I think Annie's Attic has it if you want to order on line.


----------



## aknitter (Jan 25, 2011)

A few years ago I had a shop in NJ. Someone introduced me to something called a "Knit-CroHook" It's exactly what this is. It came with a video, the hook and some 'shoe lace' looking cord. I have since misplaced both the hook & the video. 

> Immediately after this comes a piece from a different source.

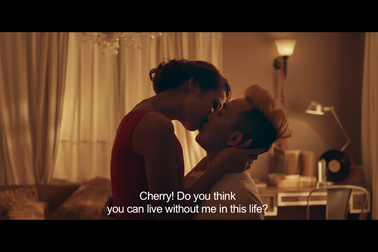 Bất ngờ trước màn “khoá môi” nóng bỏng của Lilly Nguyễn và Trấn Thành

It was a neat technique and there were all sorts of projects that could be made. 

Anita


----------



## hennalady (Nov 12, 2011)

Thanks for all the input ladies. I will be getting mine after I finish my blanket for Linus Project. I am afraid I will get distracted playing with my new toys and not finish this beast. My goal is to have it on a child 'BY CHRISTMAS" So I have to work faster....
Thanks Kids!! Ill post my progress in case more ideas roll through here.


----------



## M2SMRTFORU (Oct 28, 2011)

Just ordered kit from Amazon.com new for 5.36 plus shipping


----------



## Zoey (Feb 12, 2011)

I just did open and try my knook kit yesterday, it kills me the way subjects come up that I just happened to do in the last day or two. I will give it more of a chance, but mu experience with it yesterday , I found that I was really having a time because the stitches I was doing were so tight. When I saw the post where she said it was loose, I was amazed, I'll have to work at it. Also tried my tunision hook (long crochet hook with an end on it) I liked doing that. I told myself I couldn't start another project until after the New Year. (almost cheating) I did pull it all out though LOL


----------



## MeekOne (Aug 19, 2011)

Leisure Arts online carrys this also.


----------



## hoodedmaiden60 (Mar 16, 2011)

I got mine the other day at walmart for 6.99.. i havent tried it yet but i will soon!!! Good luck with it!!!


----------



## hennalady (Nov 12, 2011)

The link at the beginning of this topic shows how to use and ordering info from Leisure Arts.


----------



## hennalady (Nov 12, 2011)

hoodedmaiden60 said:


> I got mine the other day at walmart for 6.99.. i havent tried it yet but i will soon!!! Good luck with it!!!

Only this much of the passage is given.